> [Problem to solve] Every line from the one containing "إصابة طبيب قدم" to the end of the data below should be copied exactly, but pictures should not.

*** Data supplied Section Begins ***

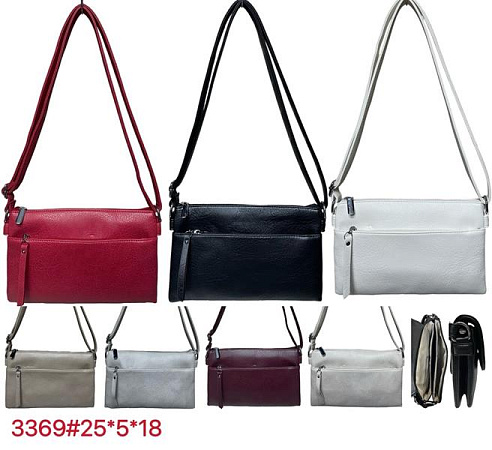 Сумка Chus TS3369 mix - делук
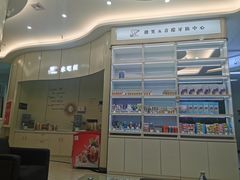 -微笑牙科口腔(三亚迎宾院区)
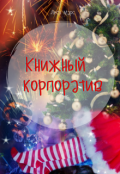 Обложка книги "Новогодний бонус "Книжный корпоратив""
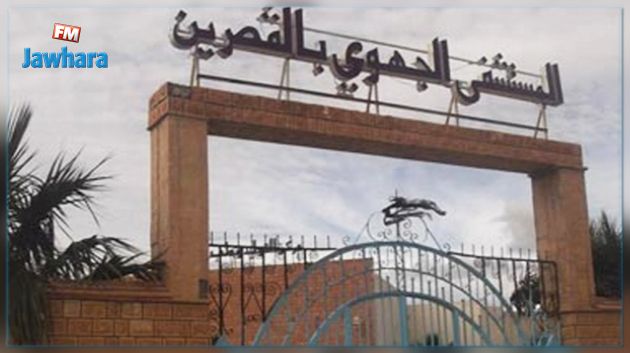 إصابة طبيب قدم من المهدية بكورونا : حالة احتقان بالمستشفى الجهوي في القصرين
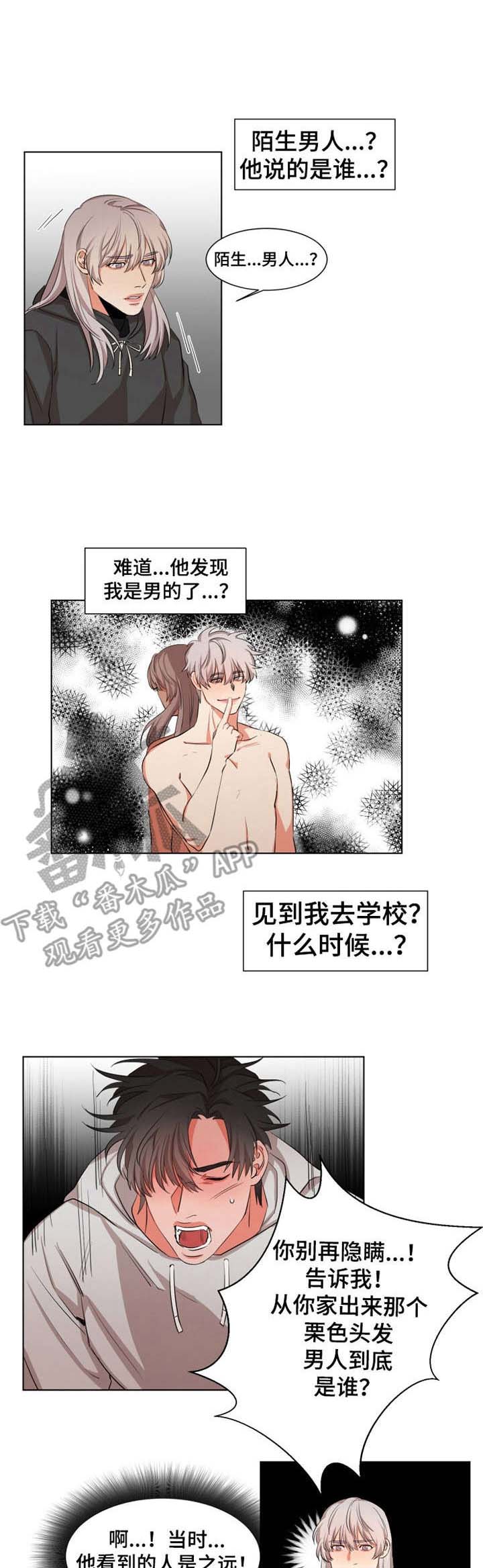 成为男明星的漫画漫画,第15章：同类人1图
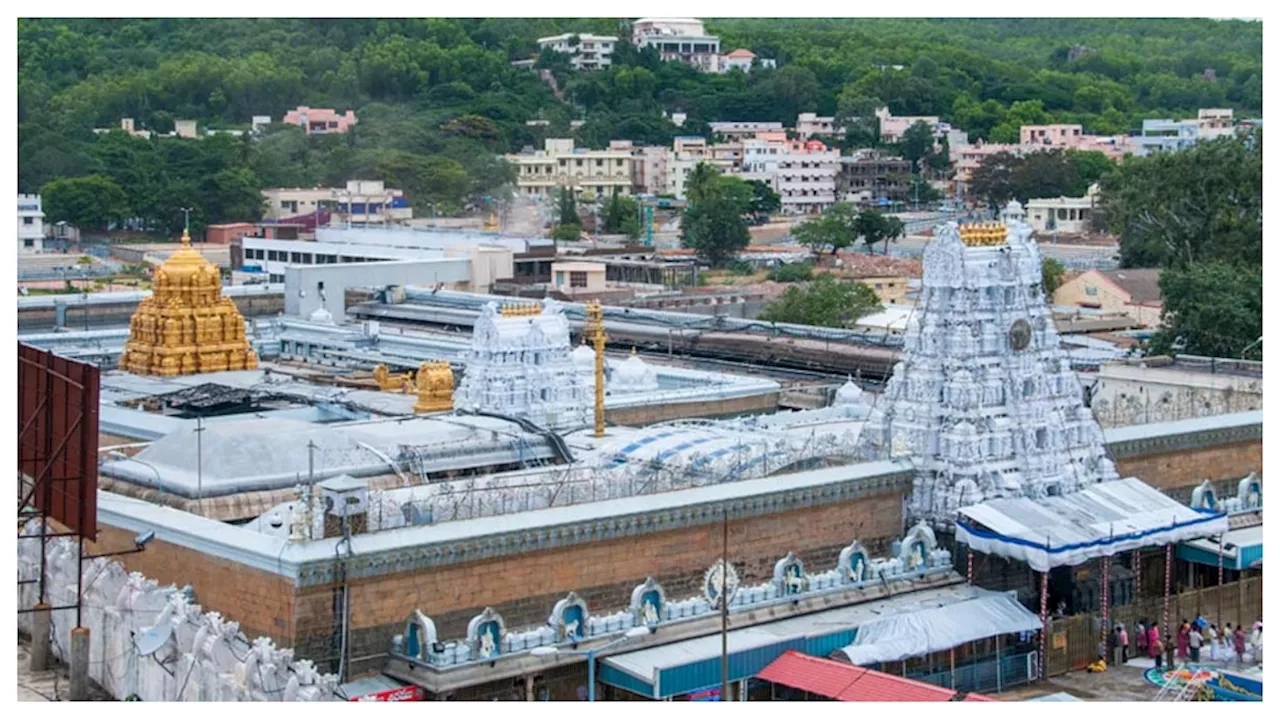 Tirumala: తిరుమలలో భక్తుల రద్దీ సాధారణం.. సర్వదర్శనానికి ఎంత సమయం పడుతుందంటే..?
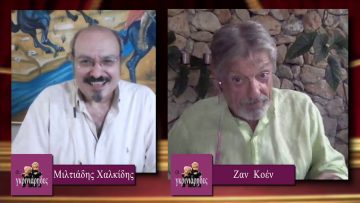 ΟΙ ΓΚΡΙΝΙΑΡΗΔΕΣ 18 07 2020 Α μέρος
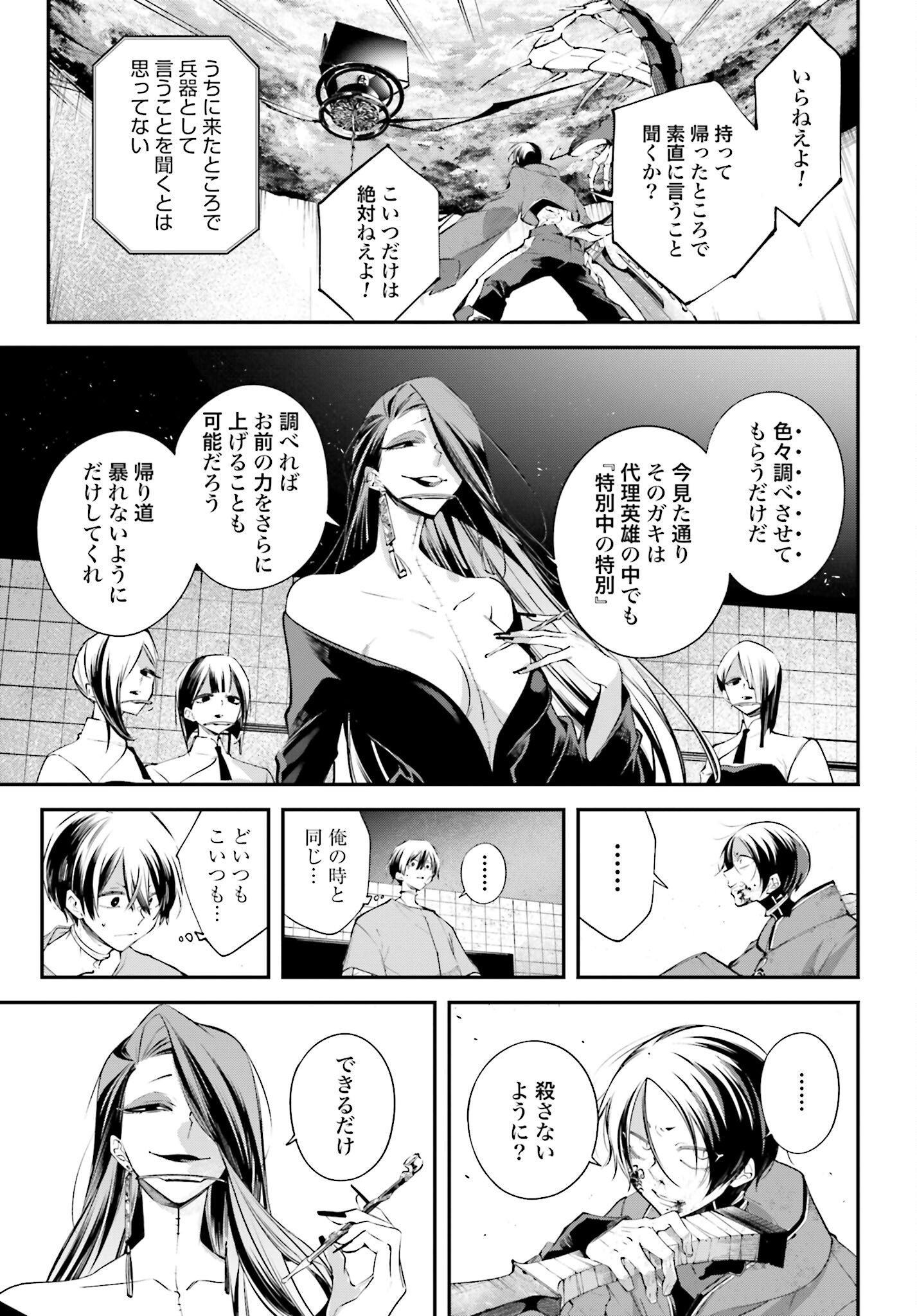 Rekkyou Sensen Chapter 8 page 35 - nihonkuni.com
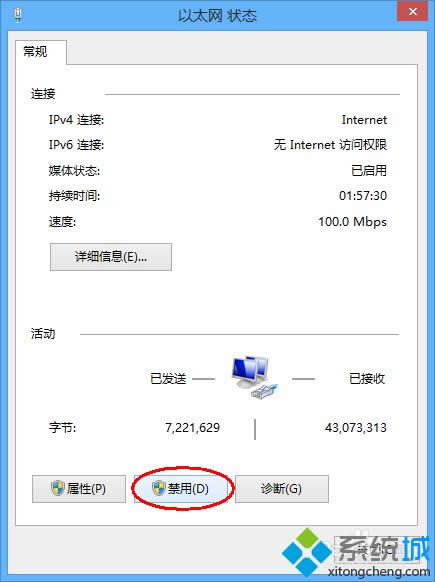 win8系統(tǒng)打開淘寶網(wǎng)頁提示訪問受限的解決方法 win8系統(tǒng)打開淘寶網(wǎng)頁提示訪問受限的解決方法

*** Data supplied Section Ends ***

> [Answer to this problem]
 إصابة طبيب قدم من المهدية بكورونا : حالة احتقان بالمستشفى الجهوي في القصرين
 成为男明星的漫画漫画,第15章：同类人1图
 Tirumala: తిరుమలలో భక్తుల రద్దీ సాధారణం.. సర్వదర్శనానికి ఎంత సమయం పడుతుందంటే..?
 ΟΙ ΓΚΡΙΝΙΑΡΗΔΕΣ 18 07 2020 Α μέρος
 Rekkyou Sensen Chapter 8 page 35 - nihonkuni.com
 win8系統(tǒng)打開淘寶網(wǎng)頁提示訪問受限的解決方法 win8系統(tǒng)打開淘寶網(wǎng)頁提示訪問受限的解決方法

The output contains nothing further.